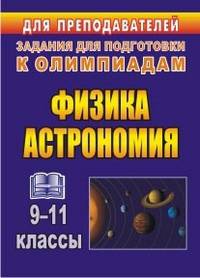 Физика и астрономия. 9-11 классы. Олимпиадные задания. ФГОС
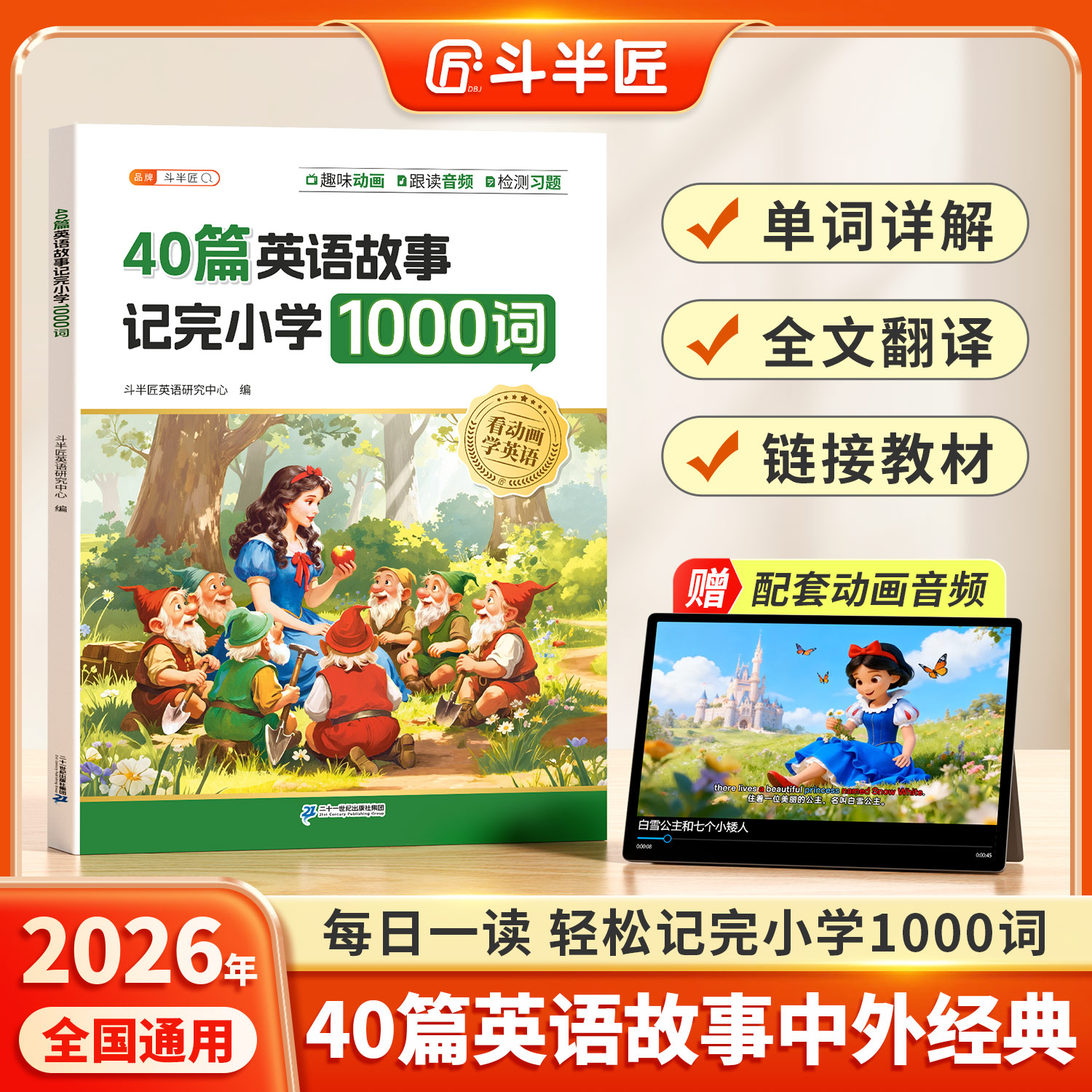 【斗半匠】25年新版40篇英语故事记完小学1000词自然拼读记单词配套动画音频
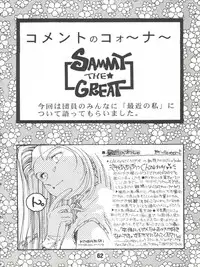 (C51) [Genkotsu Dan (Various)] SAMMY THE★ GREAT (Pretty Sammy)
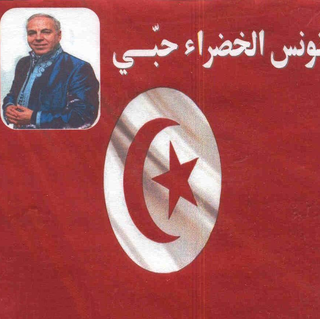 Tounes El Khadra Hobi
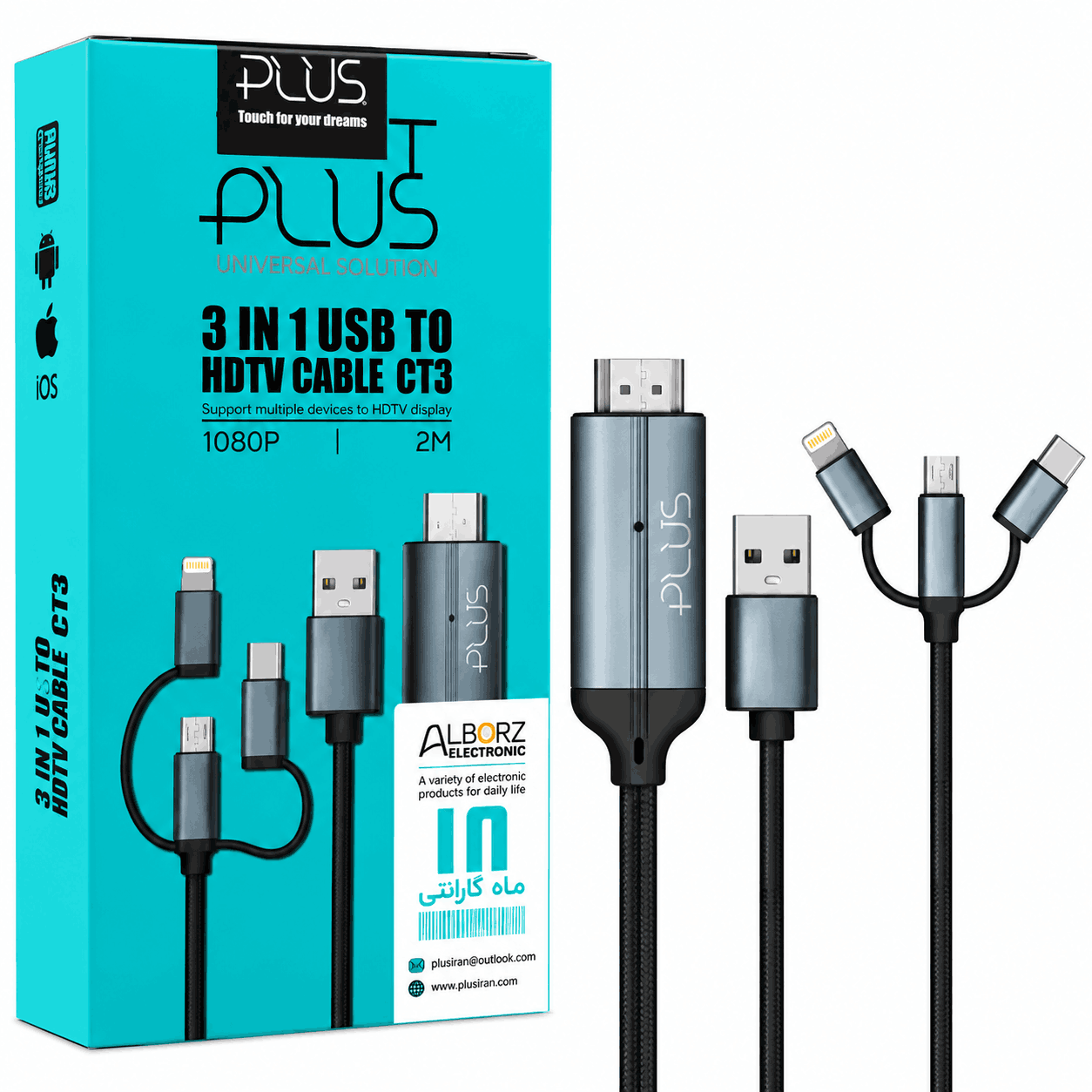 خرید کابل تبدیل Micro و Type C و Lightning به HDMI کی نت پلاس مدل KNET PLUS KP-CT3 طول 2 متر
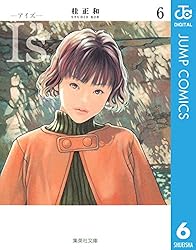 Amazon.co.jp: I”s 4 (ジャンプコミックスDIGITAL) 電子書籍: 桂正和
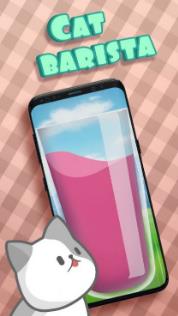 猫咖啡师手机版下载-猫咖啡师最新版下载v1.0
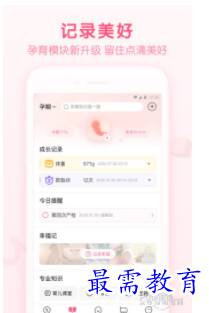 1659690330336211.png QQ图片20220805170525.png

What you have to do
Print the records above word for word, omitting any picture they contain.

Exercise output
 Физика и астрономия. 9-11 классы. Олимпиадные задания. ФГОС
 【斗半匠】25年新版40篇英语故事记完小学1000词自然拼读记单词配套动画音频
 (C51) [Genkotsu Dan (Various)] SAMMY THE★ GREAT (Pretty Sammy)
 Tounes El Khadra Hobi
 خرید کابل تبدیل Micro و Type C و Lightning به HDMI کی نت پلاس مدل KNET PLUS KP-CT3 طول 2 متر
 Amazon.co.jp: I”s 4 (ジャンプコミックスDIGITAL) 電子書籍: 桂正和
 猫咖啡师手机版下载-猫咖啡师最新版下载v1.0
 1659690330336211.png QQ图片20220805170525.png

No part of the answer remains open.